**Problem requirements**:
Transcribe the lines below verbatim, skipping the images.

**Provided information**:
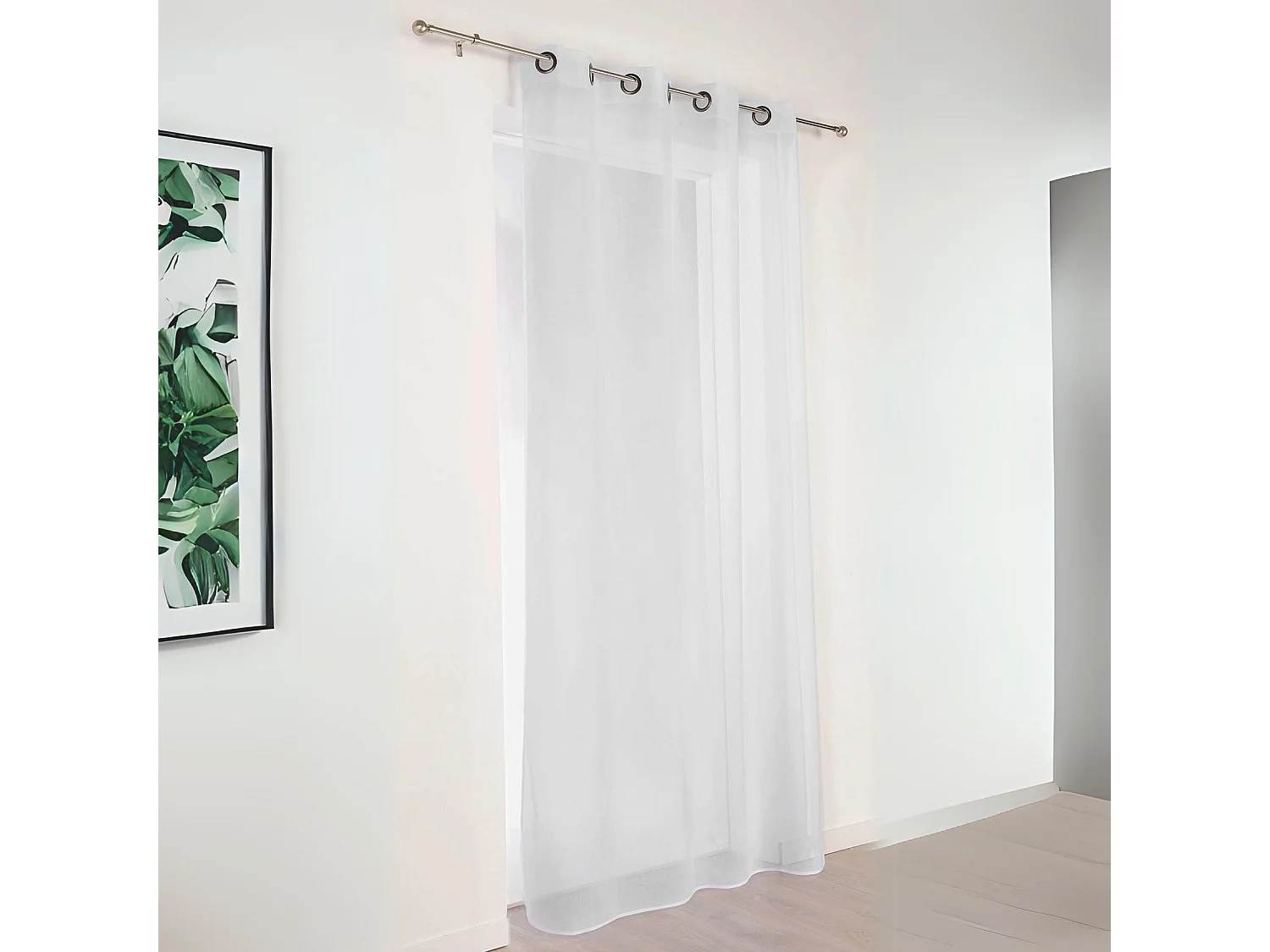 Voilage uni à l'aspect lin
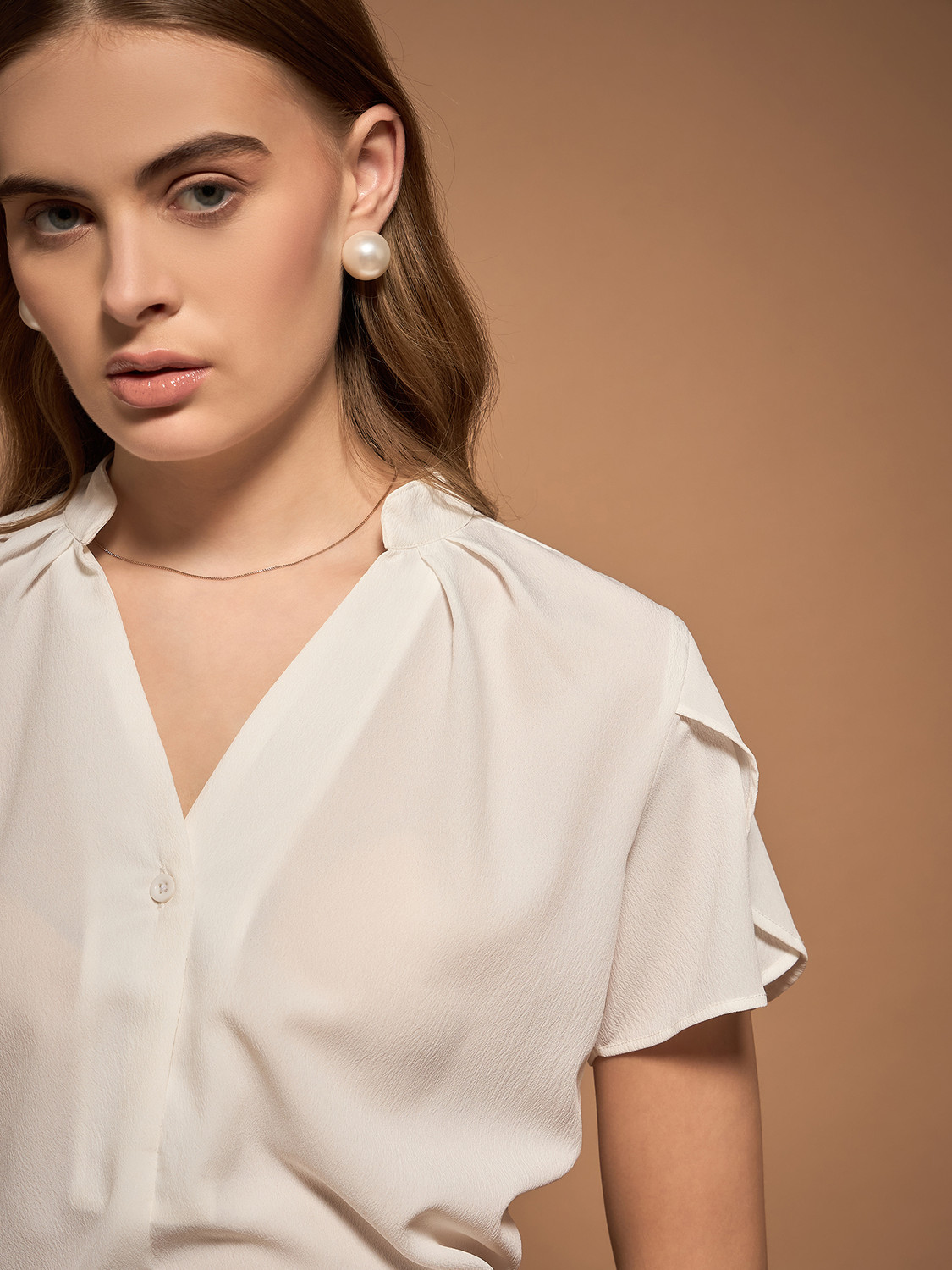 Image of Berrylush BIZwear Formal Solid Women White Top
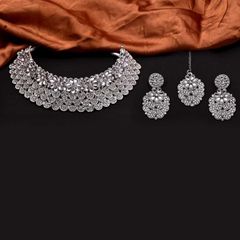 Silver Rodium Polish White and Off White color Necklace in Copper studded with Kundan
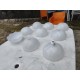 Lot de 9 Suspensions Vintage en Verre Opalin Blanc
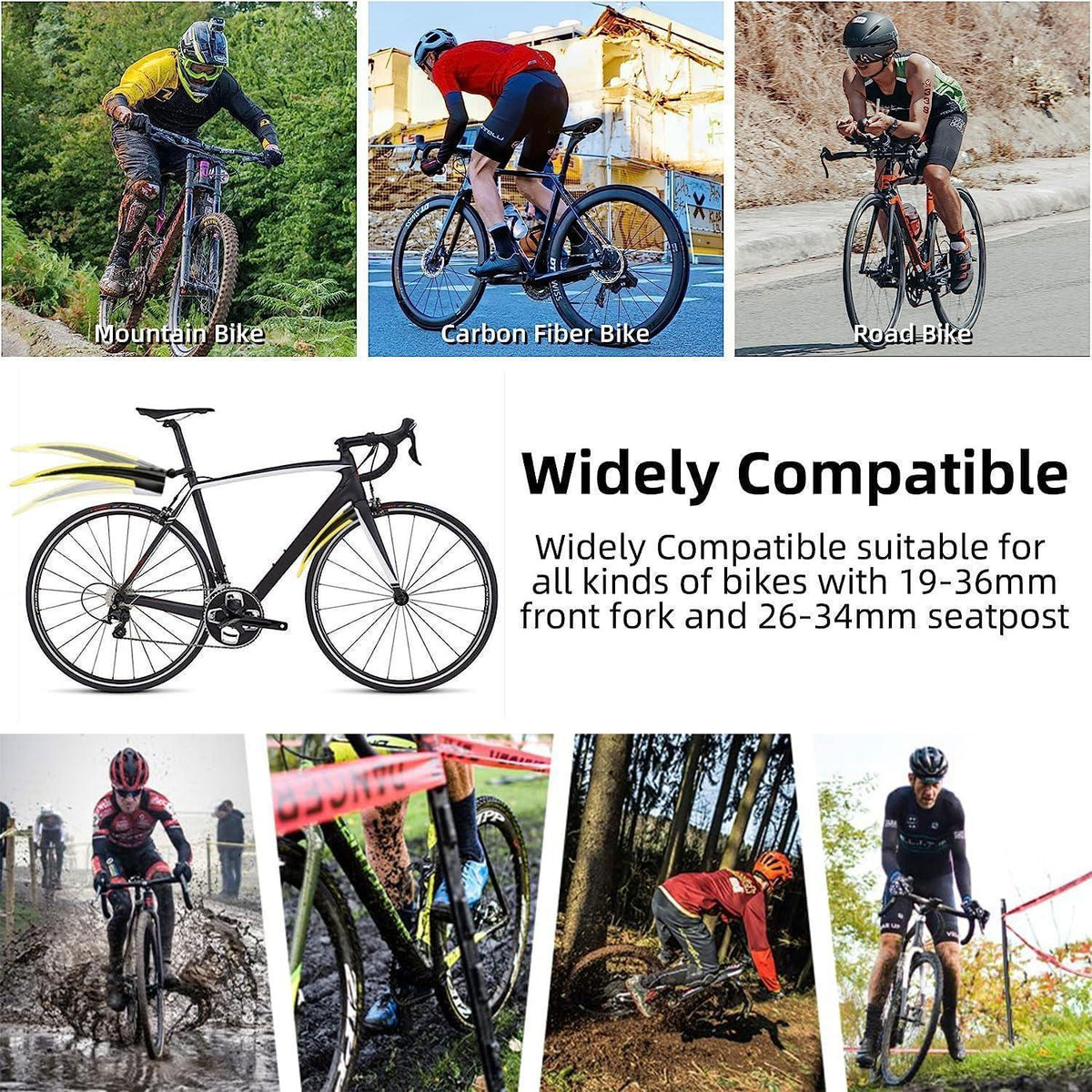 Fahrrad Schutzblech Set für MTB, Rennrad & Citybike 20-26 Zoll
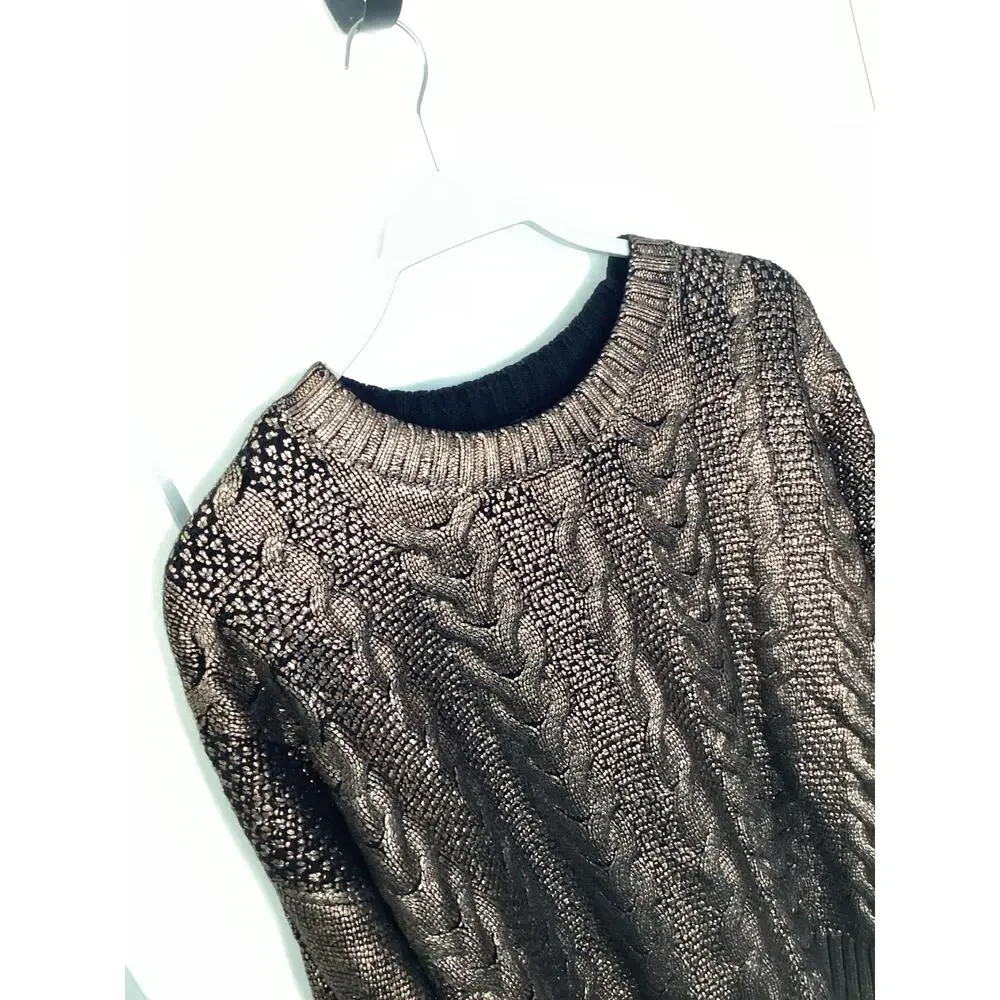 Torrid Women's Cable Knit Metallic Cropped Foil Pullover‎ Sweater Brown Size 2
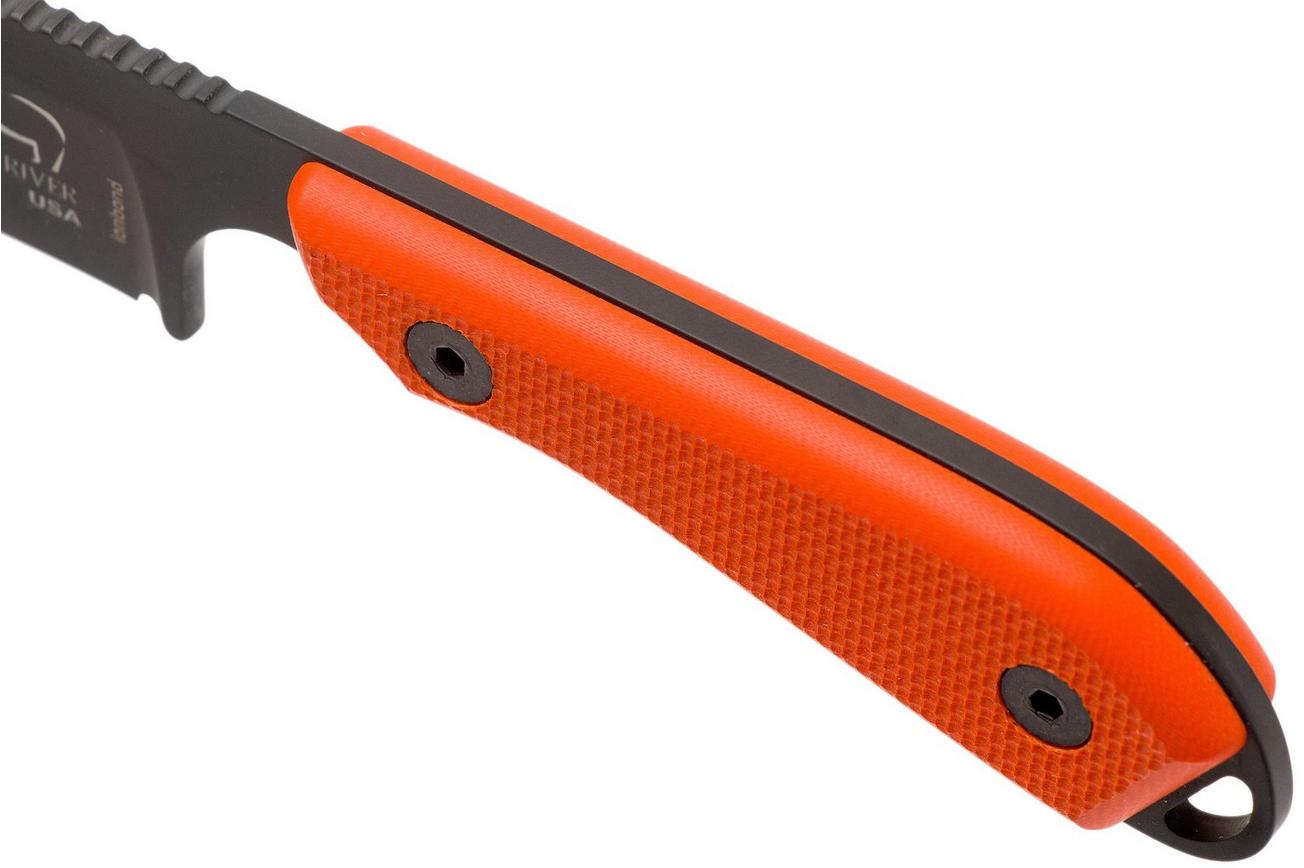 White River Knives M1 Backpacker Pro Orange G10, Black Ionbond vaststaand mes, Kydex schede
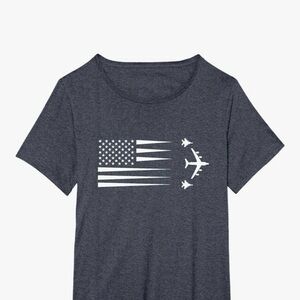 New Softstyle Heather Gray T-Shirt with US Air Force aviation theme. Size 1X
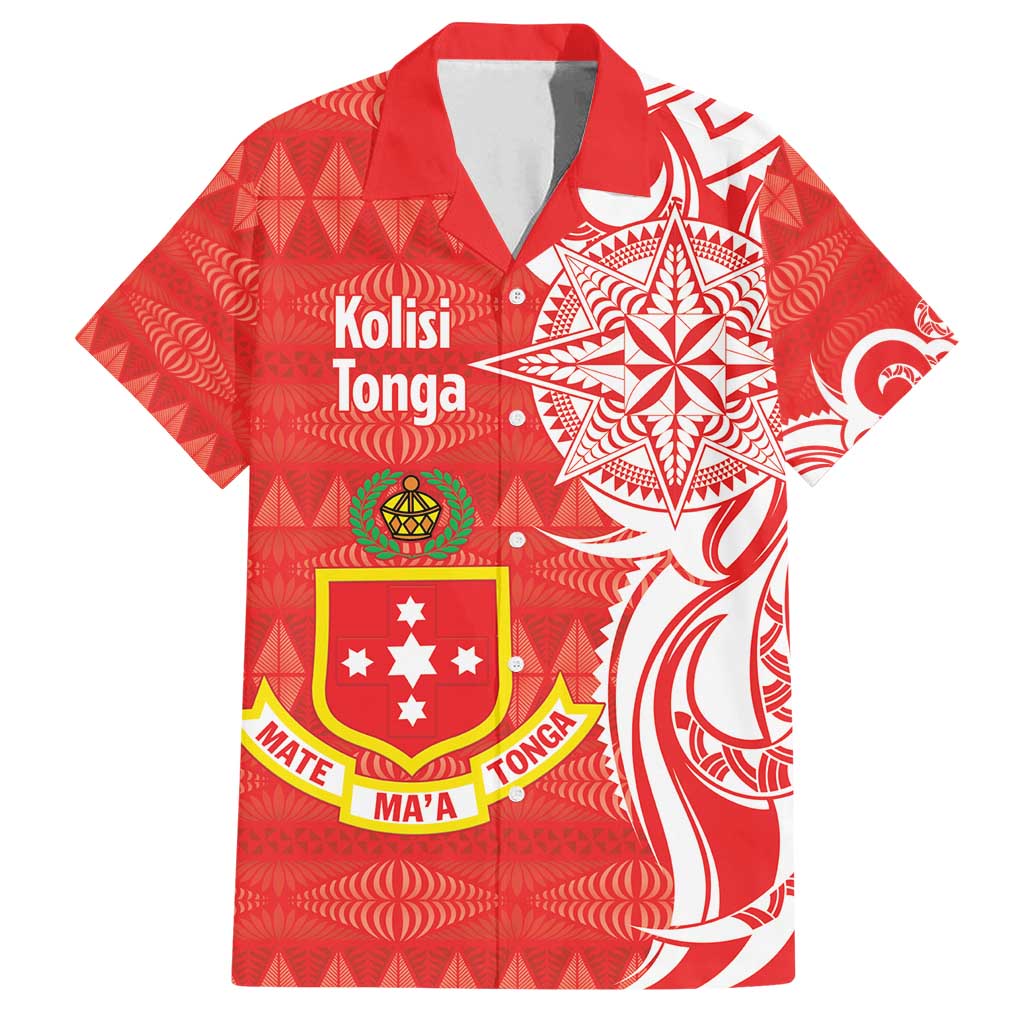 Personalised Kolisi Tonga Family Matching Tank Maxi Dress and Hawaiian Shirt Mate Maa Tonga Ngatu Pattern - Polynesian Pride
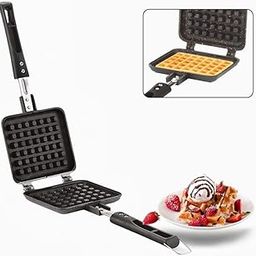 Heavy Duty Premium DIE-CAST Non-Electric ALMUNIUM Jumbo Size Nonstick Square Waffle Gas Toaster Crispy & Fluffy Waffle Pancake Maker French Egg Pancake Waffle Maker Mould for Gas Burner Grill Toaster-25
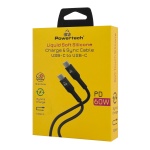POWERTECH καλώδιο USB-C PTR-0163, σιλικόνης, 60W, 480Mbps, 1m, μαύρο - Image 2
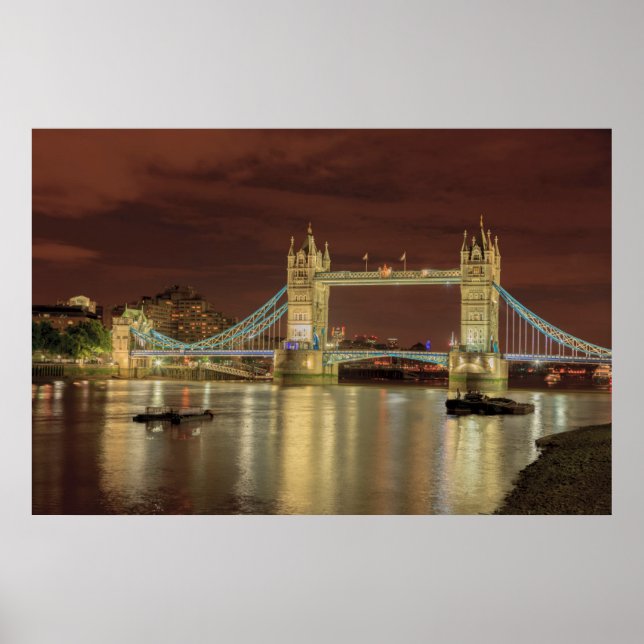 Tower Bridge nattetid, London Poster (Framsidan)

**Exercise solution**:
 Voilage uni à l'aspect lin
 Image of Berrylush BIZwear Formal Solid Women White Top
 Silver Rodium Polish White and Off White color Necklace in Copper studded with Kundan
 Lot de 9 Suspensions Vintage en Verre Opalin Blanc
 Fahrrad Schutzblech Set für MTB, Rennrad & Citybike 20-26 Zoll
 Torrid Women's Cable Knit Metallic Cropped Foil Pullover‎ Sweater Brown Size 2
 White River Knives M1 Backpacker Pro Orange G10, Black Ionbond vaststaand mes, Kydex schede
 New Softstyle Heather Gray T-Shirt with US Air Force aviation theme. Size 1X
 Personalised Kolisi Tonga Family Matching Tank Maxi Dress and Hawaiian Shirt Mate Maa Tonga Ngatu Pattern - Polynesian Pride
 Heavy Duty Premium DIE-CAST Non-Electric ALMUNIUM Jumbo Size Nonstick Square Waffle Gas Toaster Crispy & Fluffy Waffle Pancake Maker French Egg Pancake Waffle Maker Mould for Gas Burner Grill Toaster-25
POWERTECH καλώδιο USB-C PTR-0163, σιλικόνης, 60W, 480Mbps, 1m, μαύρο - Image 2
 Tower Bridge nattetid, London Poster (Framsidan)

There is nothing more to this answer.